The aggregate node

The aggregate node lets you compute statistical functions on data_batches. This node can compute multiple statistic functions on multiple fields.

See nodes under /nodes/statistics for details (Not all of these are available here).

This node can only take data_batch items, so in most cases you will need some kind of batch or window node to collect batches.

The aggregate node produces a new stream of data consisting of data_point items.




.fields('val', 'val', 'val', 'val')
.functions('variance', 'sum', 'avg', 'count_distinct')
.as('variance', 'sum', 'average', 'count_distinct')

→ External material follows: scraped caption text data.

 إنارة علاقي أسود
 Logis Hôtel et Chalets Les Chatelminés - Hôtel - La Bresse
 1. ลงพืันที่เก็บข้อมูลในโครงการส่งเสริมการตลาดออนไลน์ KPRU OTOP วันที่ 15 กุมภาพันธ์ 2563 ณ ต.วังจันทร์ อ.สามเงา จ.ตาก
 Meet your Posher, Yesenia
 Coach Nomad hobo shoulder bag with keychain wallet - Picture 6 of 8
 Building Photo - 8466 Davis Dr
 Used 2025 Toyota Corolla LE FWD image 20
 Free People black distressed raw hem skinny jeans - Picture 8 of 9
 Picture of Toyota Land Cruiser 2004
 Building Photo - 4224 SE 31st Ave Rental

Parameter Description Default
fields( string_list ) names of the fields used for each computation
functions( string_list ) list of function names (see 'Functions' table below for possible values)
as( string_list ) names for the fields for output values defaults to the name of the compute function
keep( string_list ) fields that should be kept from the input data-items []


Name Description Note
sum computes the sum of all values numerical values only
avg computes the average of all values numerical values only
min computes the minimum value
max computes the maximum value
mean computes the mean value numerical values only
median computes the median value numerical values only
first outputs the first (oldest) value
last outputs the last (newest) value
count outputs the total number of values
count_distinct outputs the number of unique values
count_change outputs the number of value changes for the given field
range computes the range between minimum and maximum
variance computes the variance numerical values only
stddev computes the standard deviation of the values numerical values only
skew computes the skew of all values numerical values only